▶ _WORK TO COMPLETE_: Beginning with the line that holds "Veste chic en", copy each line exactly through the end of the entries, but leave the pictures out.

▶ _RAW DATA_:
• • • •
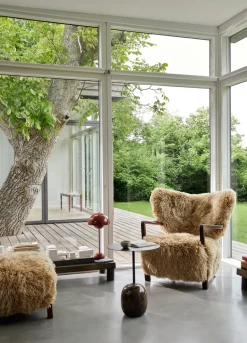 Butaca Lounge Wulff Lounge Chair ATD2 incl. puf ATD3, Nogal tratado-Sheepskin honey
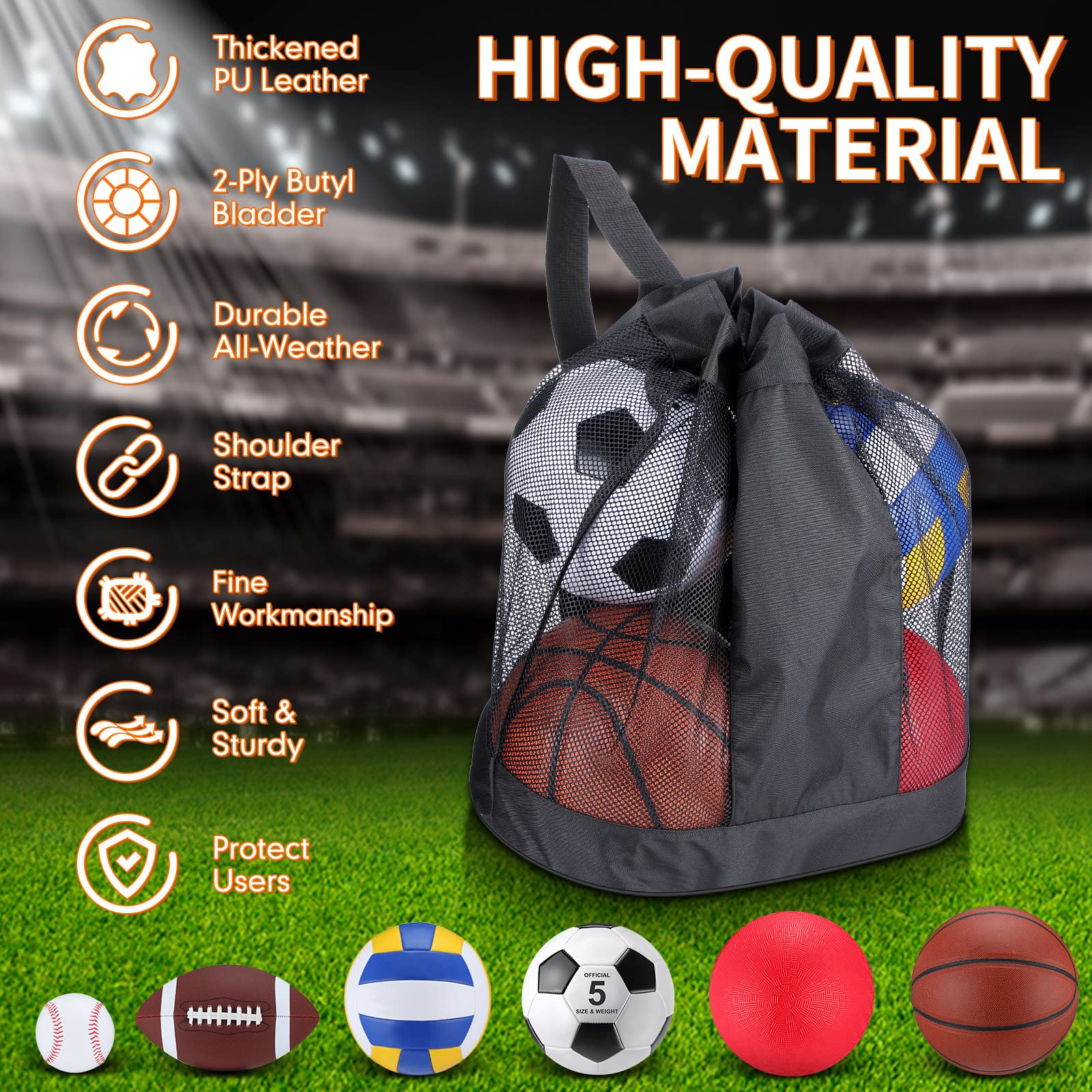 Leyndo 18 Pcs Bulk Sport Balls Set Basketball Football Volleyball Soccer Playground Ball Baseball Outdoor Sport Equipment Full Size with Sports Ball Bag Pump for Youth Adults Kids Sport Gift (Brown)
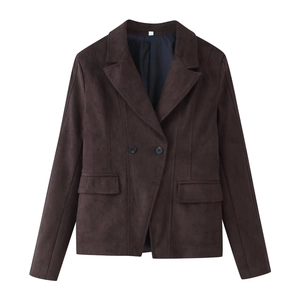 Veste chic en daim marron foncé pour femme avec col à revers et double boutonnage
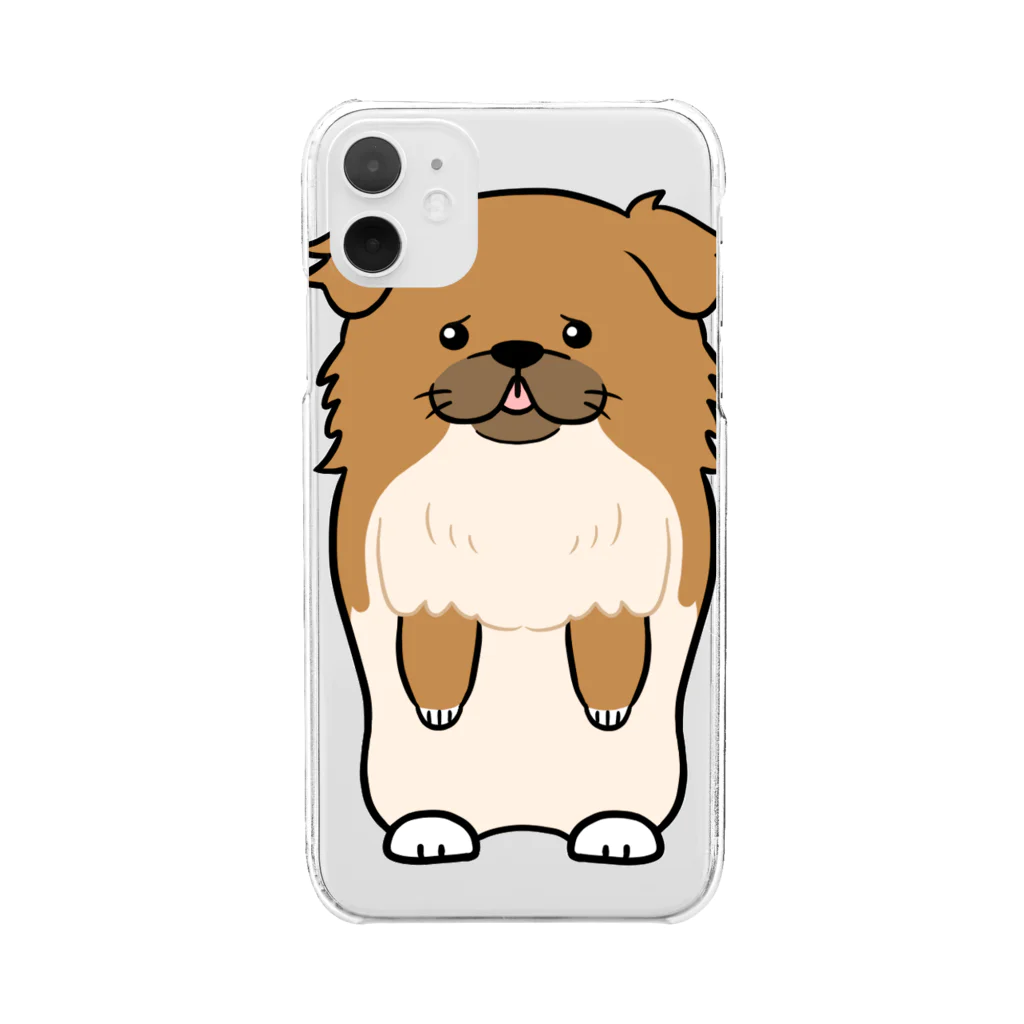 もりぴーと🎉強烈ぶさかわぴぐお🐶&コアちゃんグルメ🍔日記🐶🎉のスマホケースもぴぐお Clear Smartphone Case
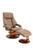 Sand Faux Leather Swivel Adjustable Recliner And Ottoman Set (380751)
• • • •
▶ _ANSWER FOR THIS EXERCISE_:
 Veste chic en daim marron foncé pour femme avec col à revers et double boutonnage
 もりぴーと🎉強烈ぶさかわぴぐお🐶&コアちゃんグルメ🍔日記🐶🎉のスマホケースもぴぐお Clear Smartphone Case
 Sand Faux Leather Swivel Adjustable Recliner And Ottoman Set (380751)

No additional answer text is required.